An important distinction from this rent-free society and the Medici model is that there would be no legal recognition of a patriarchy, matriarchy, or manager-of-managers. You may choose to adopt this idea or not - but to remain rent-free, I think, your society would need to consider any attempt to contractually obligate a family into in any kind of involuntary role operating on behalf of a "director" to be some sort of rent-seeking.

The key distinction here, I think, is this: no individual's legally-recognized assets may grow beyond what one human being can directly work with on a day-to-day basis.

In addition, I think you might have trouble with trade groups or prices attempting price, volume, or quality manipulation. You'd need laws governing those behaviors.

Intellectual property would need to be considered, or not exist. Without government protection of the ownership ideas you have an environment of tightly guarded trade secrets that masters regularly take with them to the grave. Perhaps government could secure an inventors ownership of an idea for some period or life (as is currently done), but require the inventors to be an active participant in the development to market and operation of the idea in order to keep the idea from slipping into the public domain.

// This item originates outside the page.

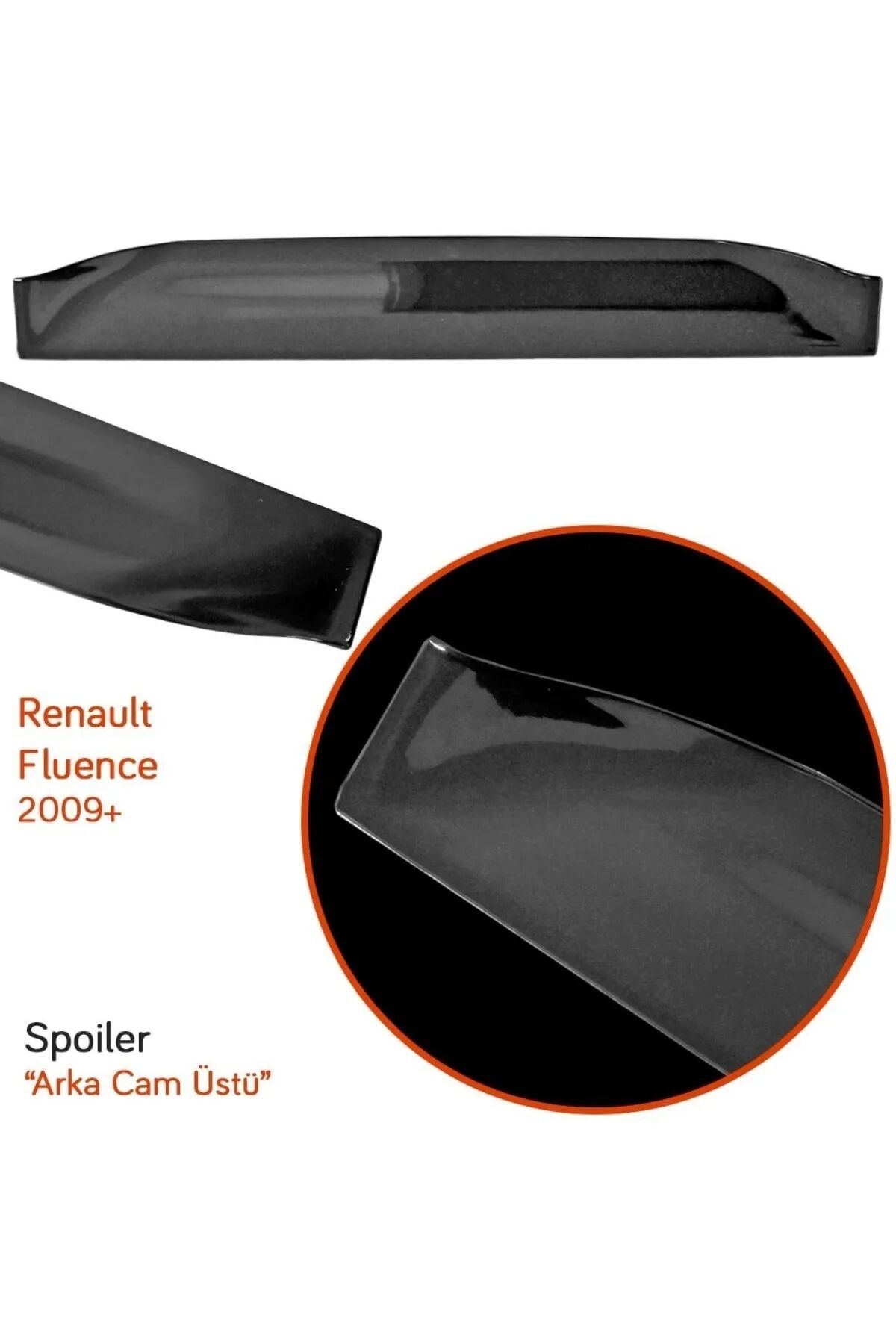 FLUENCE ARKA CAM ÜSTÜ SPOİLER 2009--> | AUTOMARS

Hotels might not exist. The primitive options for travelers were an expectation that every towns' citizens either opened up their homes for visitors (see the last chapters of Judges), or public housing was provided. Such guest houses even provided meals without charge, but you might decide they could charge for food and entertainment.

Insurance (pooling bets against actualized risk) would still be possible as an industry. Professional insurers (making their income by investing the pool) would still be possible, but the investment options would be more limited in goods and services that the insurance professional can personally take to market and sell profitably.